* **Given information**

+++

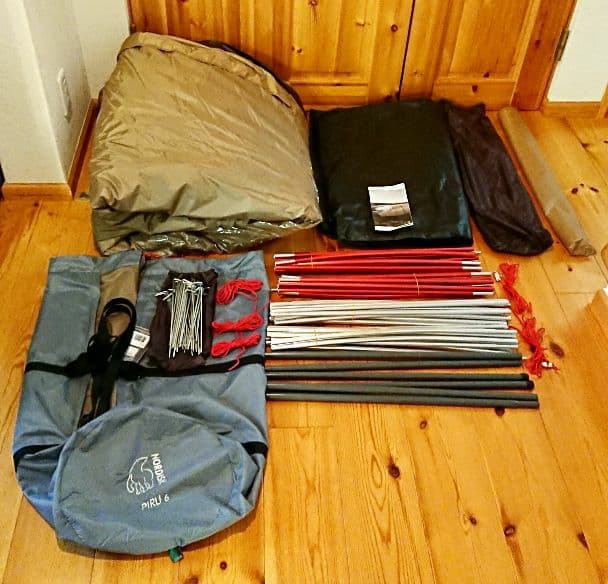 【新品未使用】Nordisk Piru6 ノルデイスク ピル6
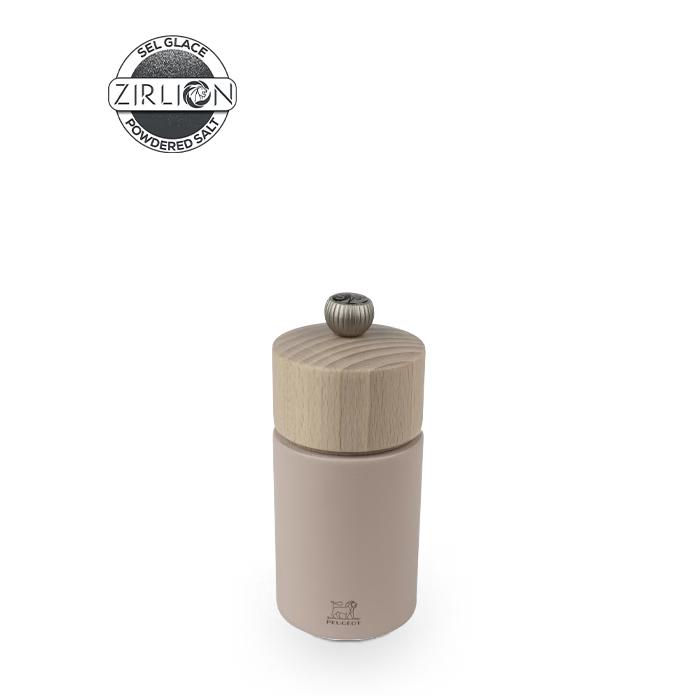 Mlýnek na sůl Boreal Zirlion, 12 cm, pudrově růžová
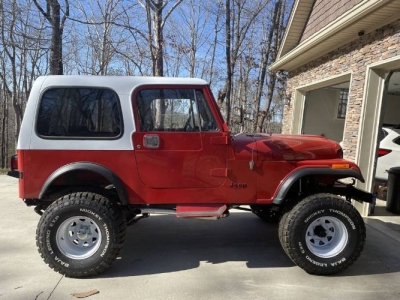 1986 Jeep CJ7 for sale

+++

* **What is being asked**
A faithful copy of all the data above, without its pictures, is the expected result.

* **Exercise output**
 【新品未使用】Nordisk Piru6 ノルデイスク ピル6
 Mlýnek na sůl Boreal Zirlion, 12 cm, pudrově růžová
 1986 Jeep CJ7 for sale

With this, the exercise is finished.